Parigi. Maurizio Galimberti si ferma in una delle boites rannicchiate lungo la Senna. Gli occhi scivolano su un libro rarissimo, del 1948. Le ceramiche di Picasso. Picasso è la sua ossessione, come i baffi della Gioconda di Duchamp e le foto di Man Ray. E’ come se quel libro lo avesse aspettato dal 1948 fino a quel momento, a quella passeggiata lungo la Senna. Galimberti ne strappa le pagine. Le incolla su fogli nivei. Le immortala. Uno scatto. Dai colori cangianti trapela un incanto diverso. Un altro scatto. Indugia su un dettaglio. Diventa titanico. L’icona è sfiorata. Posseduta. Copiata. Superata. Non si tratta di una mimesis pedissequa. Sono lacerti di memoria che affiorano con inedite accezioni. Galimberti è il fotografo del maquillage, della fantasia, della citazione. Dice di sentirsi Glenn Gould. Abbarbicato alla Polaroid come fosse un pianoforte. Le camere oscure gli ricordano un passato negletto. Per questo le fugge. Meglio la Polaroid, il suo odore, la sua sincerità, la sua manifesta impossibilità di raccontare il contingente, il suo potere di trasformarlo in una struggente illusione. La fotografia diventa un feticcio affettivo, una lettera trafugata a un racconto di Chandler, un personaggio di Pirandello, uno spectrum che ritorna. Immagine bugiarda eppure verissima, densa di pulsioni sottese.

L’artista non cerca il nuovo. Gli interessa ciò che è già stato. L’eterno. Sottratto all'appetito famelico di Cronos e cristallizzato in un momento unico. Irripetibile. Galimberti cattura un lembo di vita, uno sguardo fugace, una ceramica di Picasso. Li contamina con il cinema e con il Futurismo, con Duchamp e con il Cubismo. Ne carpisce suggestioni lontane. Li congela con la macchina, li frantuma, li trasforma in mosaici. La materia non è esibita come un guscio vuoto, come un mero relitto, bensì trasfigurata, traslata in un alveo metafisico. L’istante viene trattenuto, cristallizzato in una dimensione intima, calda, intrisa di impressioni. L’aura di cui parlava Benjamin non si dissipa. Piuttosto, subisce una metamorfosi. Si trasforma in altro. Un sogno. Una visione. Una chimera.

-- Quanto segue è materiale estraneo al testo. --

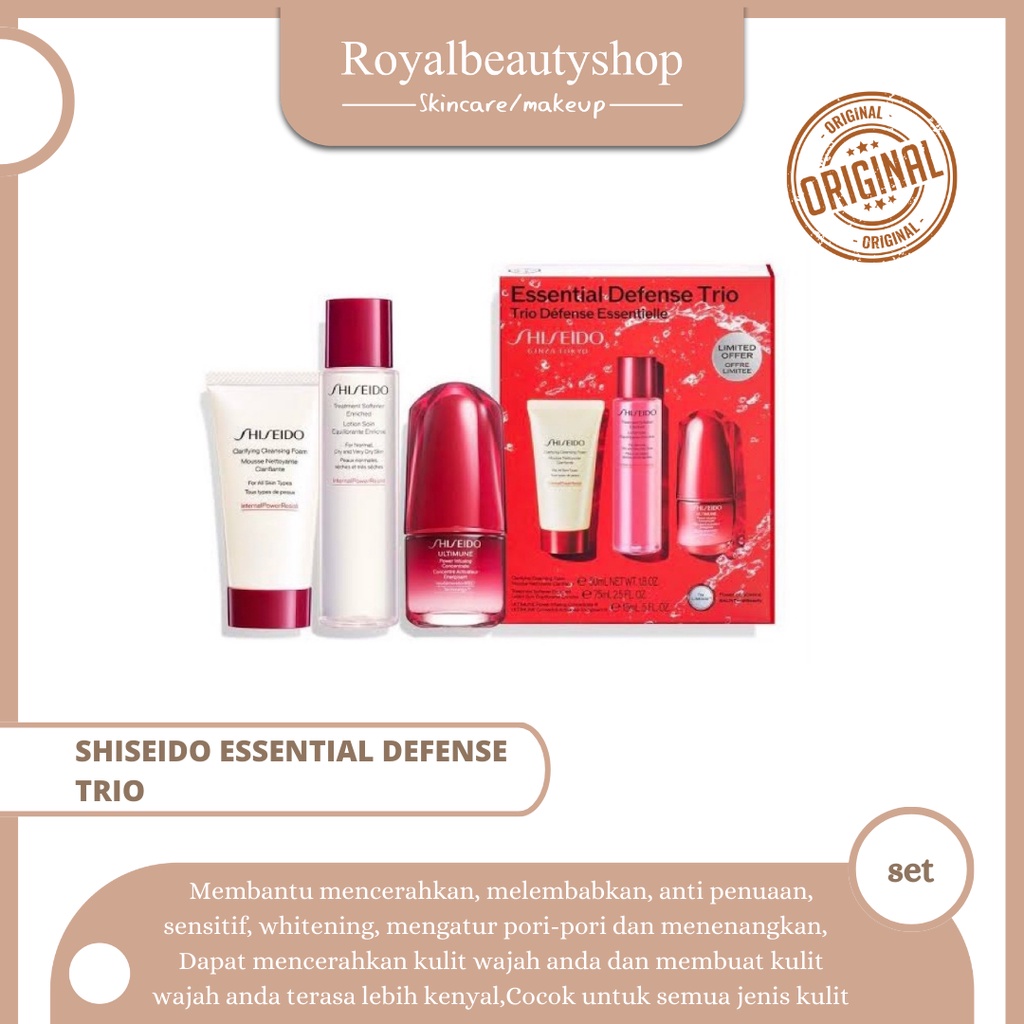 PROMO Shiseido Essential Defense Trio Set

Le ceramiche di Picasso diventano gli arabeschi di Galimberti. Le geometrie si confondono, la prospettiva cambia repentina, il ritmo si frammenta, i colori s’irrorano di sfumature diverse, che abbacinano lo sguardo e lasciano sgomenti. Tutto scaturisce dalla presunzione (mai dalla tracotanza) di impossessarsi del mito, del suo riflesso, di una sua riproduzione sulle pagine di un libro. L’immobile e sempre presente viene ponderato, accompagnato, infuso di nuovi significati dall’attuale, dall’effimero, dal bisogno di inaudito, dalla sensazione dell'attimo. Preso tra la folgorazione maniacale del passato e l’urgenza di plasmarlo a proprio piacimento, ogni scatto di Galimberti è lacerazione, oscillazione, simultanea esaltazione, gioia e lutto. L’idea di Herder e del Romanticismo tedesco di un genio creatore asservito al modus antico è franta. La Storia si spoglia del suo abito austero, solenne, impersonale. L’eterno ritorno del nuovo.